*** Opening EXERCISE DATA ***

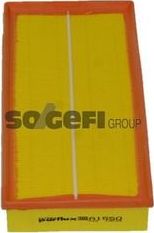 Воздушный фильтр Purflux. Артикул A1550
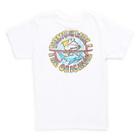 Vans Little Kids Beach Leech T-shirt (white)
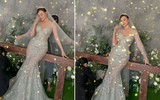 [ẢNH] Phương Oanh 'biến hoá' từ cô dâu thành mỹ nhân cổ trang trong bộ ảnh mới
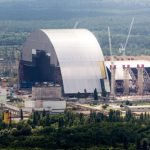 Avertisment grav de la Cernobil adapostul risca cedarea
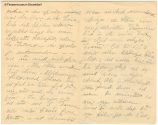 Brief 8 - um 1905 Louise Dumont an Gustav Lindemann, Seite 2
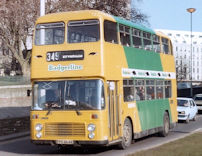 PPH464R in Badgerline livery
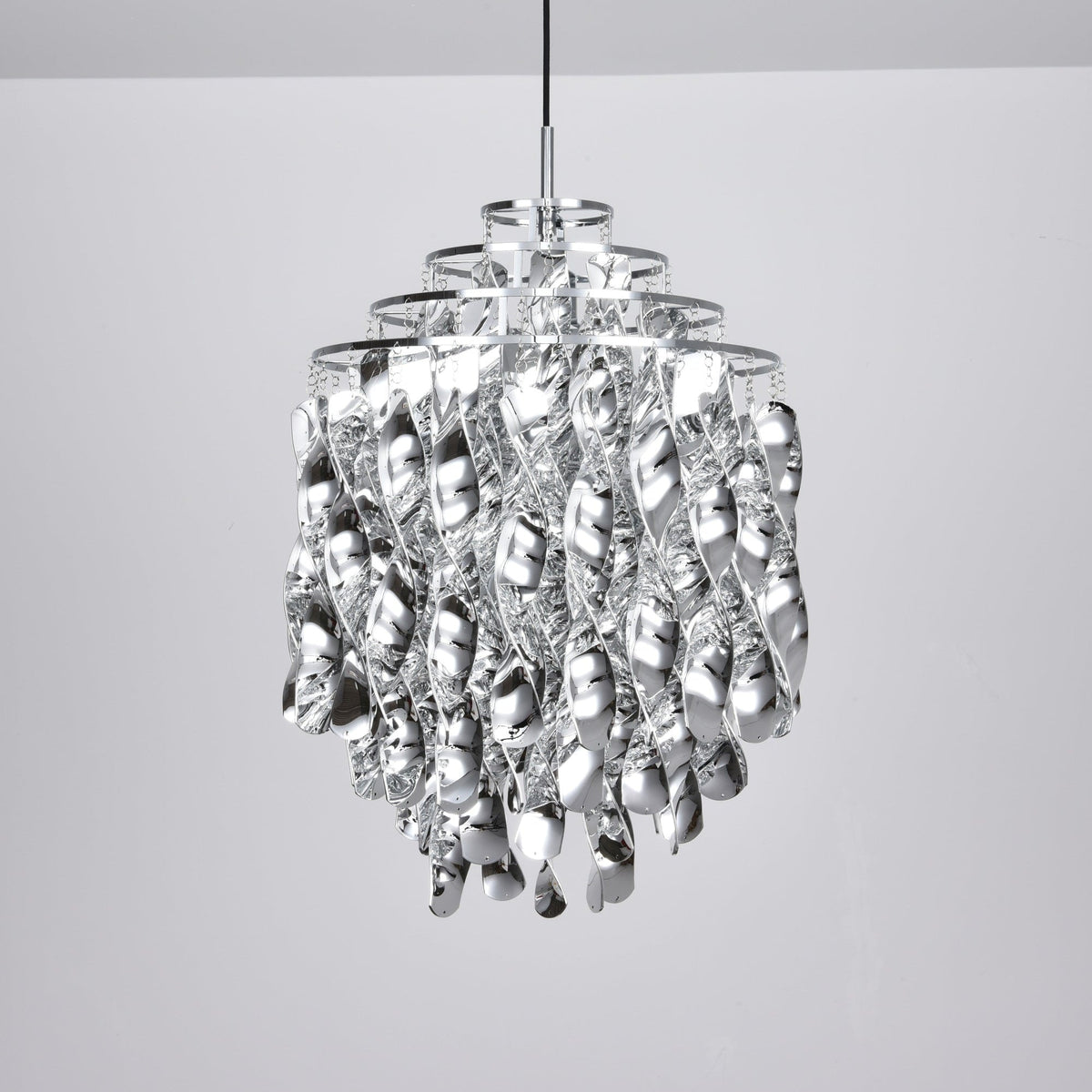 Isoran Luxe Acrylic Chandelier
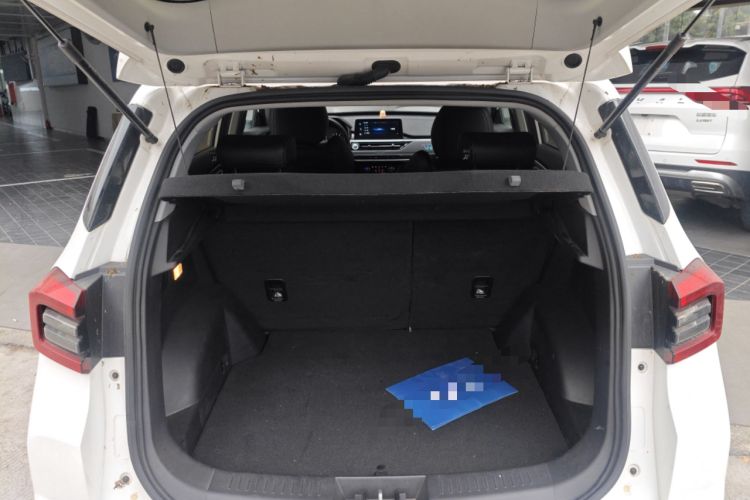 Used Chery Tiggo 5x 2020 1.5L Manual Fashion Edition Trunk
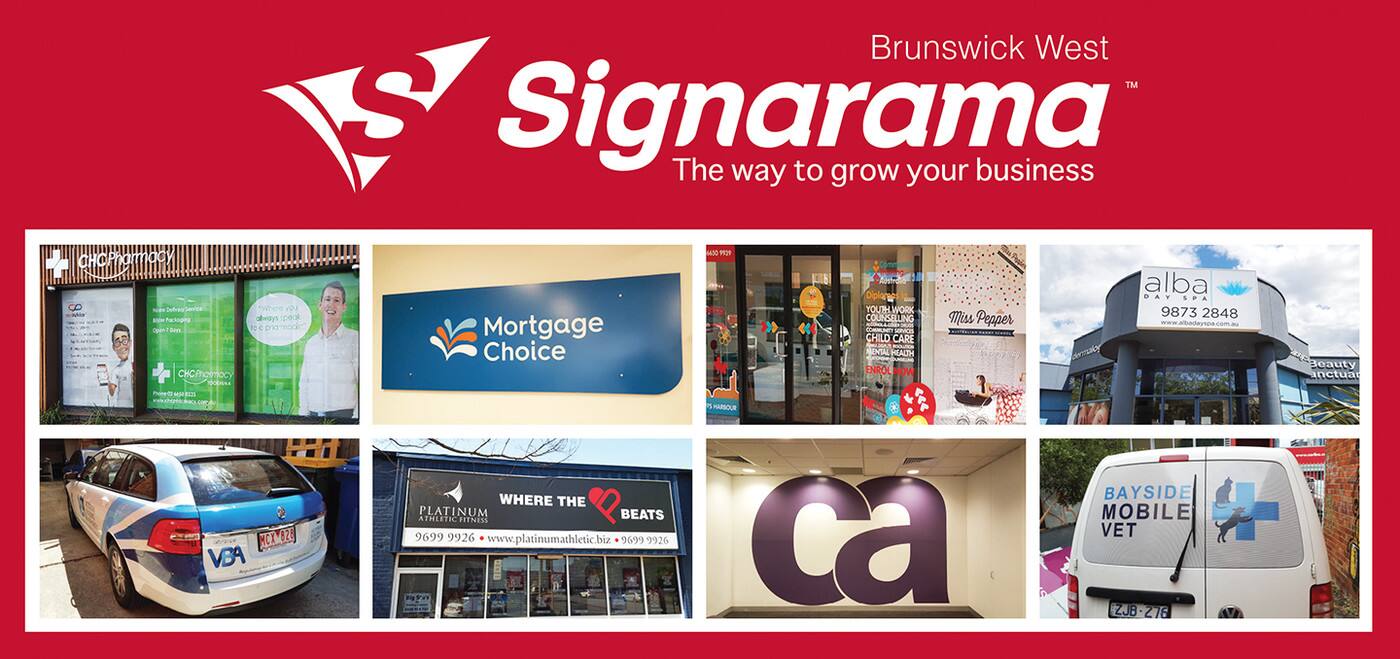 Signarama - Logo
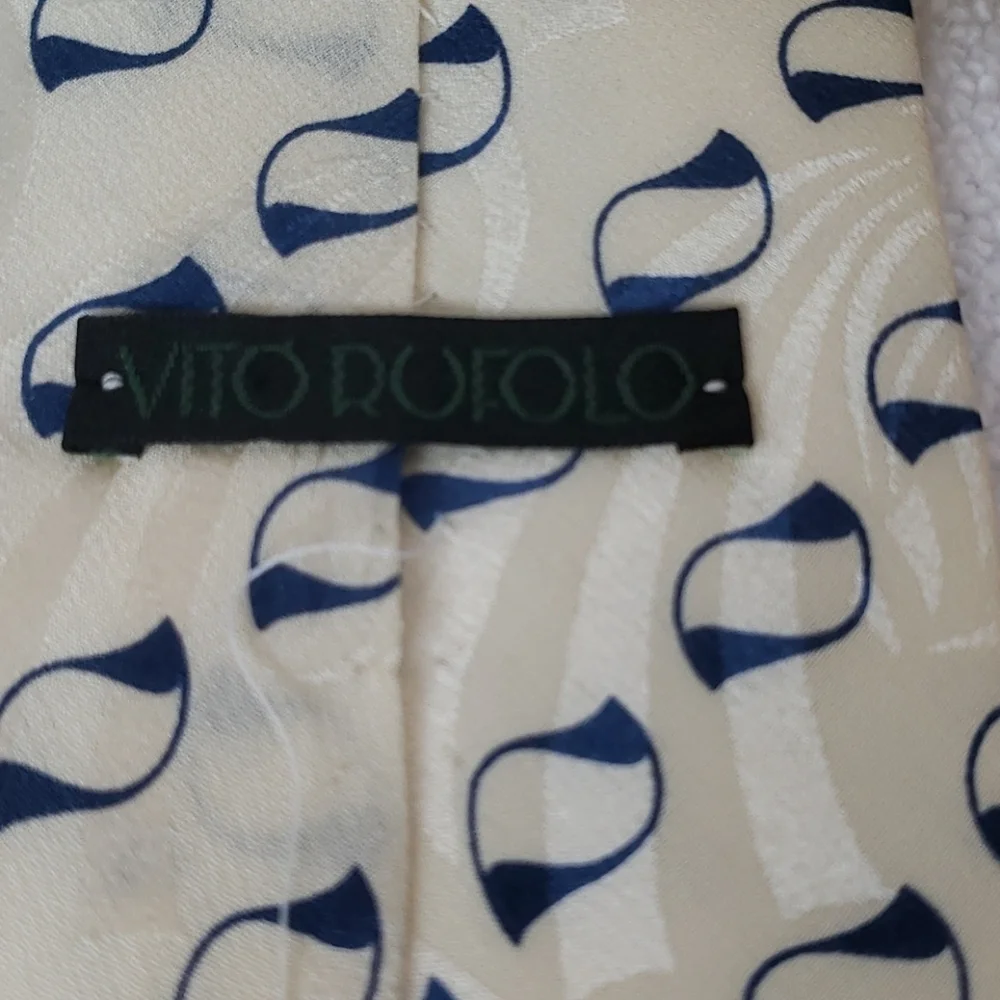 - Vito Rofolo tie - Picture 4 of 5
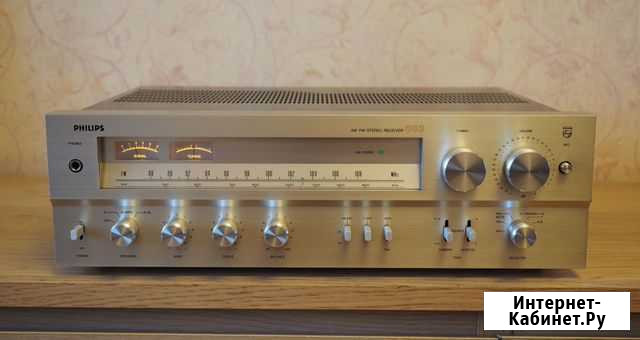Усилитель - ресивер Philips 683 Развилка - изображение 1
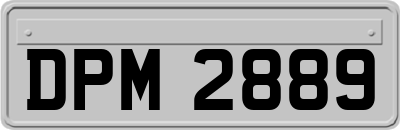 DPM2889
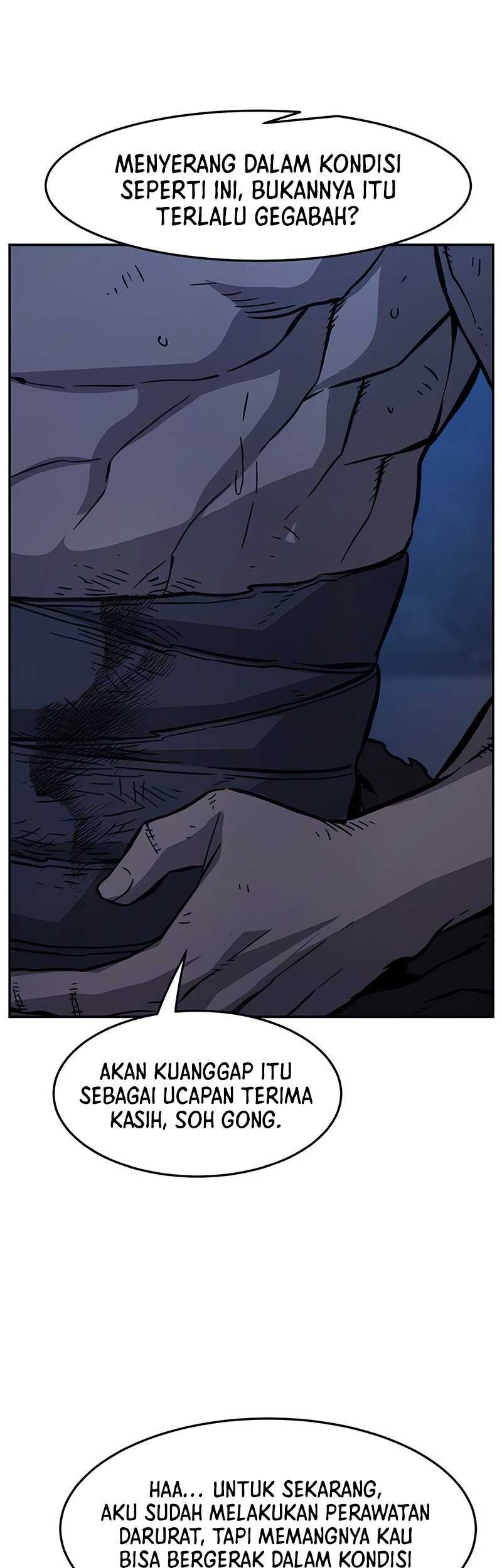 Absolute Sword Sense Chapter 109 Gambar 6
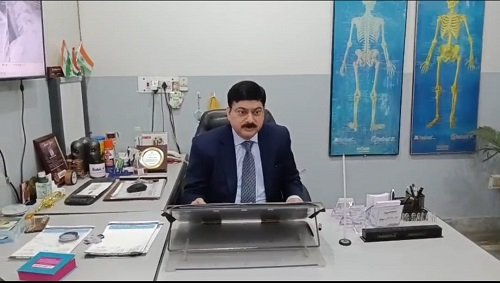 Take special care of your health during the cold wave.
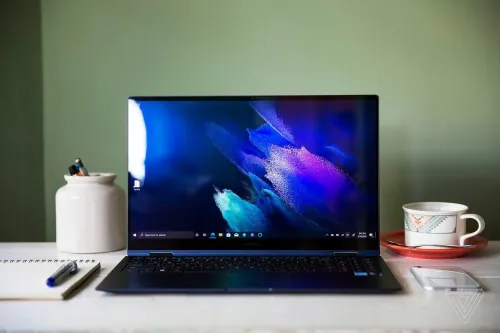 SAMSUNG GALAXYBOOK PRO 930QDB I71165G7 16GO 512GO SSD 
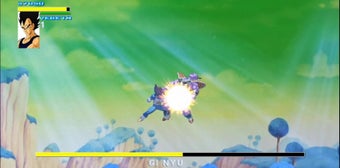 Image 0 for Dragon Ball Z Tournament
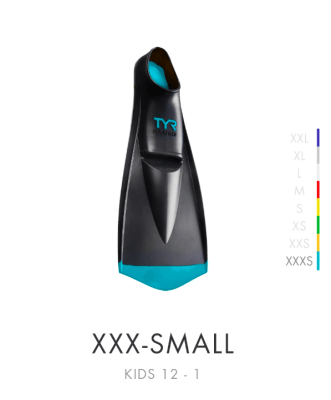 TYR - Aletas de Natación - Flex Fins 2.0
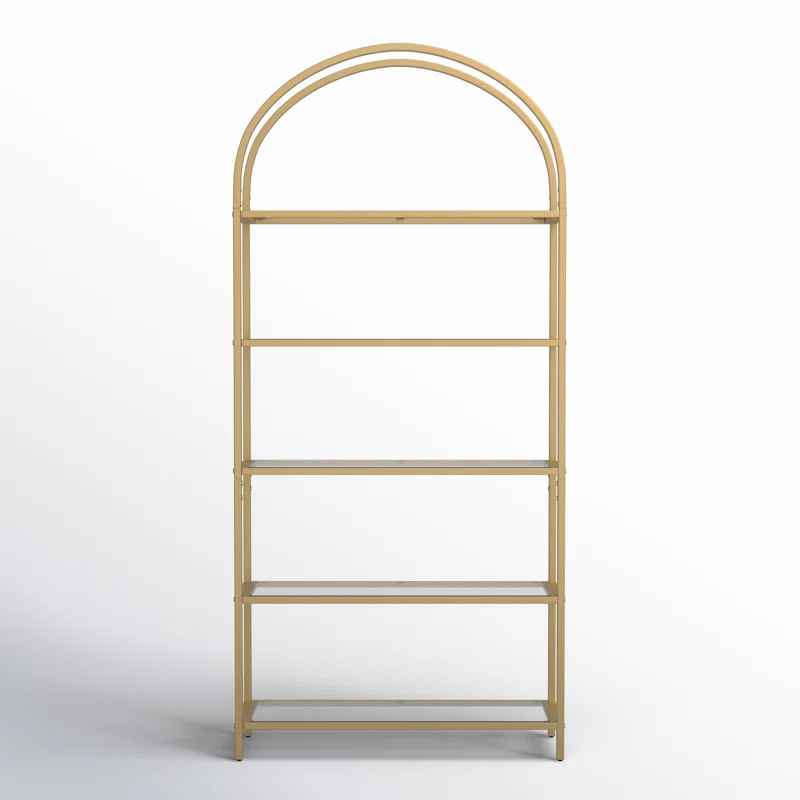 Adrianne Etagere Bookcase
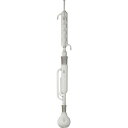 柴田科学 043120-01 ソックスレー脂肪抽出器セット 150mL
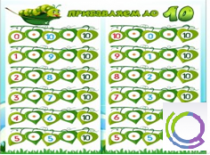 Стенд "Прибавляем до 10" - «globural.ru» - Саранск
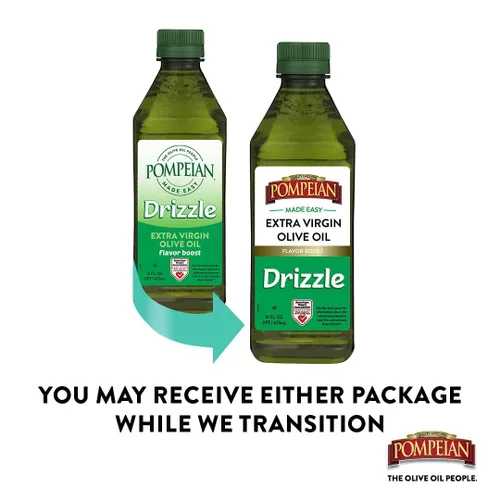 Miniatura 3 de Pompeian Aceite de Oliva, Paquete de Variedad Made Easy, Perfecto para Todas las Necesidades de Cocina, Certificado por la Asociación Americana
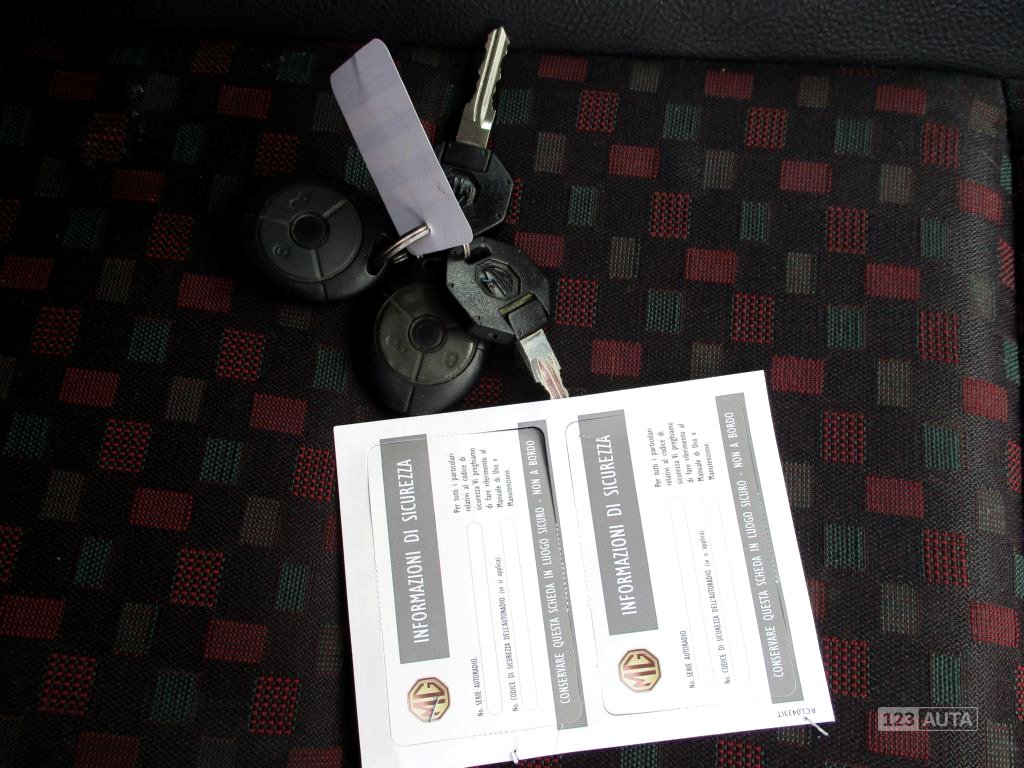 MG ZR, 2004 - pohled č. 13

*** Closing EXERCISE DATA ***

• **YOUR TASK**: All lines from the one containing "TYR - Aletas de Natación - Flex Fins 2.0" through the final line of the entries above must be restated word for word, pictures excluded.

• **RESPONSE**:
 TYR - Aletas de Natación - Flex Fins 2.0
 Adrianne Etagere Bookcase
 柴田科学 043120-01 ソックスレー脂肪抽出器セット 150mL
 Стенд "Прибавляем до 10" - «globural.ru» - Саранск
 Miniatura 3 de Pompeian Aceite de Oliva, Paquete de Variedad Made Easy, Perfecto para Todas las Necesidades de Cocina, Certificado por la Asociación Americana
 MG ZR, 2004 - pohled č. 13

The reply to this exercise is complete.